So have the immigrants been well integrated into the city’s neighbourhoods, or is there a high degree of segregation? Population and urban analysts now recognise that ethnic residential patterns are too complex to be represented by a single index. The US Census Bureau analyses ethnic residential segregation in five dimensions: evenness, exposure, concentration, centralisation and clustering. Table 1 shows the first of these, evenness. for the three leading minority groups. The index measures the percentage of a group that would have to change residence for each neighbourhood (census area unit) to have the same percentage of that group as there is over the whole city. When the index equals 1, the group in question is largely found in neighbourhoods with a fairly homogenous composition. When the index equals 0, the group is completely integrated. As we can see, Maori are becoming more evenly spread across the city, while the concentration of Asians is increasing. Pacific people exhibit the highest level of concentration or segregation, and there is virtually no change over time.

Table 1: Evenness of Distribution of Ethnic Minorities in Auckland, 1991 – 2013

Ethnic group 1991 1996 2001 2006 2013
Maori 0.3408 0.2981 0.3120 0.3130 0.2885
Pacific 0.4852 0.4752 0.4927 0.5000 0.4982
Asian 0.2540 0.2708 0.3030 0.3292 0.3347
Index: Dissimilarity Index

Exposure, the second of our dimensions of residential segregation, refers to the extent to which members of an ethnic group are exposed only to one another. It differs from the concept of evenness in taking into account the size of the group. Thus a group, if small in size, may be concentrated in a few neighbourhoods, but not be numerous enough to dominate the neighbourhood. We measure exposure with the isolation index. This index ranges from 0 (a high level of exposure to the majority ethnicity) to 1 (a low level of exposure). The values in table 2 suggest that Asian people are becoming less exposed to the majority European population. Or, to put it another way, are finding more people of their own ethnicity in their neighbourhoods.

Table 2: Exposure of Ethnic Minorities in Auckland, 1991 – 2013

Ethnic group 1991 1996 2001 2006 2013
Maori 0.1819 0.1903 0.1823 0.1755 0.1625
Pacific 0.3157 0.3456 0.3780 0.3878 0.3895
Asian 0.0832 0.1537 0.2105 0.2910 0.3479
Index: Isolation Index

Concentration, the third dimension, refers to the amount of physical space a minority group occupies. Concentration is here measured with the delta index. A 0 value means that the group has a low residential density, and a 1 means that the group has a high density. As can be seen in Table 3, Maori and Pasifika people appear to have become slightly more geographically spread out over time.

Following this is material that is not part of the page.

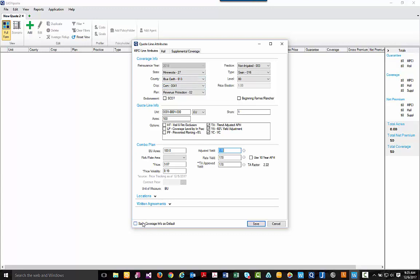Let's go ahead and do that now. Once everything looks correct, let's go ahead and select save.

Table 3: Concentration of Ethnic Minorities in Auckland, 1991 – 2013

Ethnic group 1991 1996 2001 2006 2013
Maori 0.5063 0.4800 0.4719 0.4569 0.4684
Pacific 0.6142 0.6000 0.5945 0.5820 0.5894
Asian 0.4884 0.4833 0.4736 0.4612 0.4816
Index: Delta Index

Centralisation refers to the propensity to live in either inner or outer suburbs. The absolute centralisation index ranges from -1 (mostly found in the outer suburbs) to +1 (mostly found in the inner city). The index values for all three ethnicities are moderately positive, with Asians having the highest values. However, concentration in the inner city is not really a feature of New Zealand’s largest city, given that minority groups in the United States have values above 0.7.

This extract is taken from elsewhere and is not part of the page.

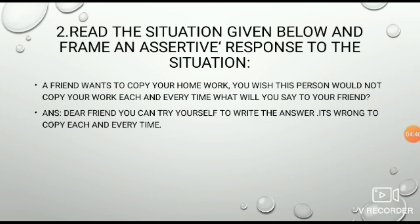Read the situation given below and frame an assertive response. Situation: A friend wants to copy your homework. You wish this person would not copy your work each and every time. What will you say to your friend? Answer: 'Dear friend, you can try yourself to write the answer. It's wrong to copy each and every time.'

Table 4: Centralisation of Ethnic Minorities in Auckland, 1991 – 2013

Ethnic group 1991 1996 2001 2006 2013
Maori 0.0847 0.0879 0.0468 0.0261 0.0016
Pacific 0.1912 0.1591 0.1211 0.0744 0.1022
Asian 0.3807 0.3719 0.3556 0.3224 0.3279
Index: Absolute Centralisation Index

Clustering is the fifth dimension. It refers to the probability that areas with high proportions of minority group members will be adjacent to each other. The spatial proximity index ranges from 0 to infinity. if the index is less than 1, this means that on average, members of minority groups live nearer to members of the majority group than to people of their own ethnic identity. If the index equals 1, this means that there is no differential clustering between minority and majority ethnic groups. If the index is greater than 1, it means that members of each group on average live closer to people of their own ethnicity than to other ethnicities. In the United States, their major ethnic minorities (African-American and Hispanic) record values above 1.2. In Table 5, the index for Pasifika people rises to exceed 1.2 over time, but for Maori and Asians, index values remain close to 1.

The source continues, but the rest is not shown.